This opinion will be unpublished and
may not be cited except as provided by
Minn. Stat. § 480A.08, subd. 3 (2000).
STATE OF MINNESOTA
IN COURT OF APPEALS
a Minnesota Limited Partnership,
Filed July 24, 2001
Dakota County District Court
File No. CX-00-15666
Chad McKenney, Donohue McKenney & Harlan, LTD., 990 Lumber Exchange Building, 10 South Fifth Street, Minneapolis, MN 55402 (for appellant)
Lisa Hollingsworth, Michael Hagedorn, 16174 Main Avenue, Prior Lake, MN 55372 (for respondent)
Considered and decided by Halbrooks, Presiding Judge, Willis, Judge, and Hanson, Judge.
U N P U B L I S H E D O P I N I O N
On appeal in this unlawful detainer proceeding involving a HUD-subsidized housing complex, appellant landlord challenges the district court’s finding that respondent tenant’s failure to promptly report changes in his employment and income had not been shown to be fraudulent. We affirm.
Respondent Stanley Edwards lives at appellant Chancellor Manor (the Manor), a HUD-subsidized housing complex. Under the terms of his lease, Edwards was required to recertify his eligibility to reside in HUD-subsidized housing by reporting changes in employment and income. Edwards failed to report a change in income and employment until four months after he began that employment. The Manor considered Edwards’ failure to promptly report these changes as material noncompliance with the lease and delivered a notice of termination of the lease to Edwards.
Edwards requested an internal appeal hearing with the property manager, as provided in the lease. At the internal appeal hearing, Edwards stated to the Manor’s property manager that his failure to report changes in income and employment was based upon his misunderstanding of the requirements and, in part, upon his disability. He provided a copy of a social security determination of disability based on mood disorder, depression and mild mental retardation. The property manager concluded that Edwards’ nondisclosure was fraudulent and, thus, violated the lease. When Edwards subsequently refused to vacate the apartment, the Manor commenced this unlawful detainer action.
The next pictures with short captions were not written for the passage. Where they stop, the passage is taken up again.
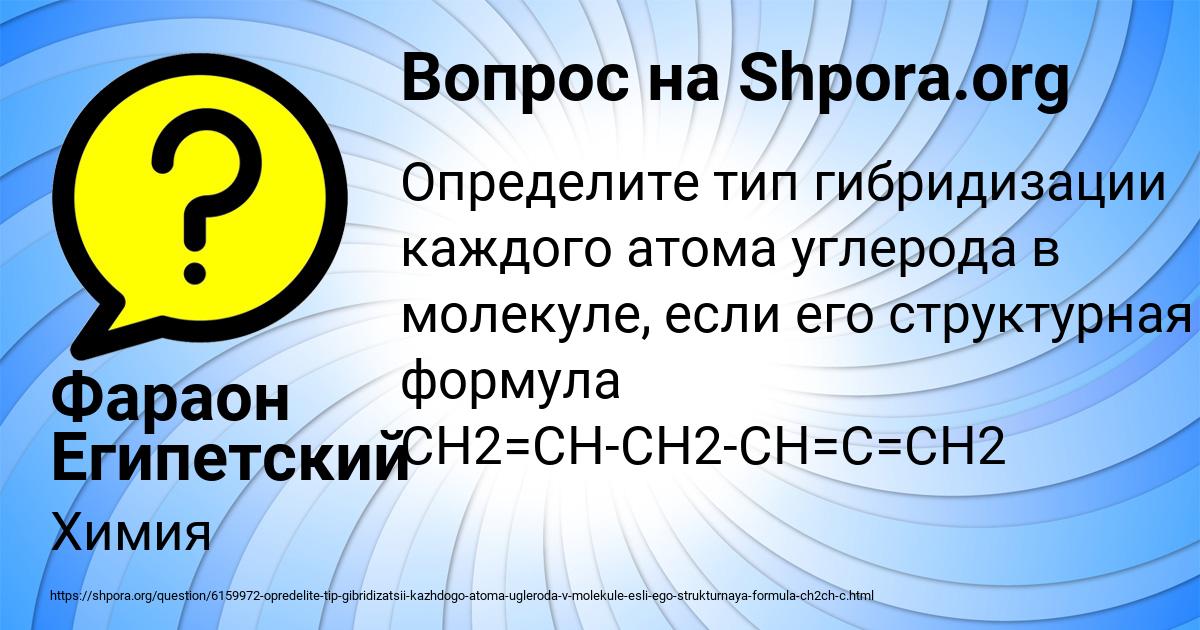 Картинка с текстом вопроса от пользователя Фараон Египетский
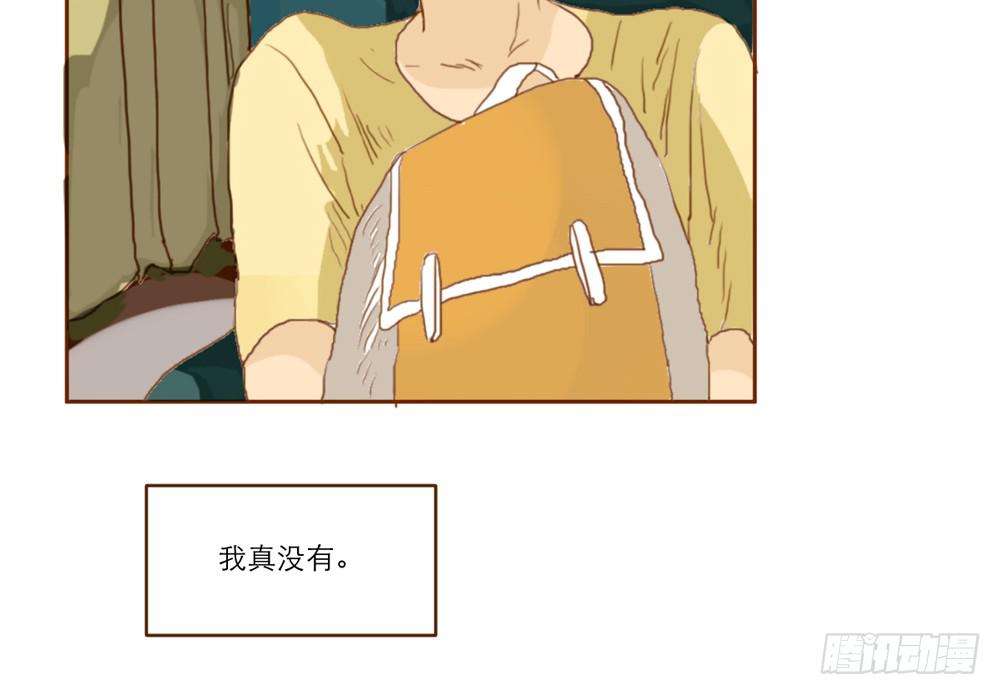 我和他的相遇7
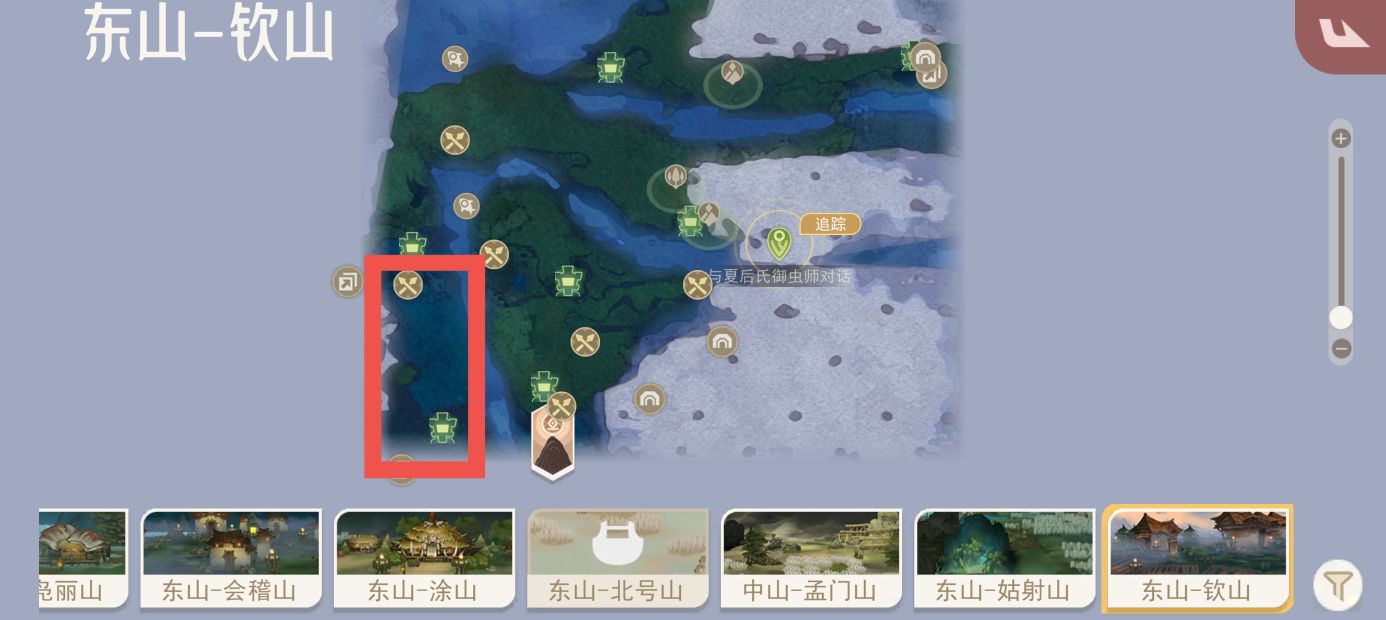 山海进化录蓑壳修士在哪抓-山海进化录蓑壳修士获取方式及捕捉地点一览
The district court found that the Manor failed to prove that Edwards’ nondisclosure was fraudulent and ordered judgment dismissing the action. This appeal followed.
On appeal, this court gives the district court great deference and will not set aside the district court’s findings of fact unless those findings are clearly erroneous. Fletcher v. St. Paul Pioneer Press, 589 N.W.2d 96, 102 (Minn. 1999). “Findings of fact are considered clearly erroneous only if they are not reasonably supported by the evidence.” Id. “If there is reasonable evidence to support the district court’s findings, we will not disturb them.” Rogers v. Moore, 603 N.W.2d 650, 656 (Minn. 1999) (citation omitted).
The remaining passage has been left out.